HELIjaKEEL’s Saariaho festival will feature the music of Finland’s most renowned contemporary composer Kaija Saariaho in addition to works by Estonian composers Arvo Pärt, Jüri Reinvere and Helena Tulve. These will be performed by musicians from Estonia and abroad, including soprano and harpist Arianna Savall (Spain) and flautist Camilla Hoitenga (USA).



The 2015-2016 season of HELIjaKEEL (SOUNDandLANGUAGE) led by Kammermuusikud, in addition to its usual mandate of juxtaposing music and poetry, focuses more on different musical styles. The opening concert of the HELIjaKEEL Saariaho festival – MIRRORS will feature the music by Arvo Pärt and Kaija Saariaho. Although the styles of these two composers are different, it is also possible to find unifying elements in their music.

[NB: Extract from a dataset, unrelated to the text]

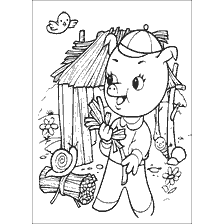 pagina da colorare: Tre porcellini: un maiale con rami e una casa di rami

Kaija Saariaho is a prominent member of a group of Finnish composers and performers who are now, in mid-career, making a worldwide impact. She studied at the Sibelius Academy and continued her studies in Freiburg and from 1982, at the IRCAM research institute in Paris – the city which has been most of the time her home ever since. At IRCAM, Saariaho developed techniques of computer-assisted composition and acquired fluency in working on tape and with live electronics. Before coming to work at IRCAM, Saariaho learned to know the French ‘spectralist’ composers, whose techniques are based on computer analysis of the sound-spectrum. This analytical approach inspired her to develop her own method for creating harmonic structures, as well as the detailed notation using harmonics, microtonal and detailed continuum of sound extending from pure tone to unpitched noise.

www.saariaho.org



However paradoxical it might be, silence seems to be the essential purpose of Arvo Pärt’s music: he does not consider the notes or musical sounds as the essence of music. For him, the sounds only point towards the essential, in the same way as words always only serve as a hint towards something more. The essential will always remain hidden between the sounds. Often, Pärt’s creative method is compared with fasting, with voluntary asceticism: for him, reduction is far more important than enlargement. He has always been frugal with his means of expression, even parsimonious – and yet his music is benevolent.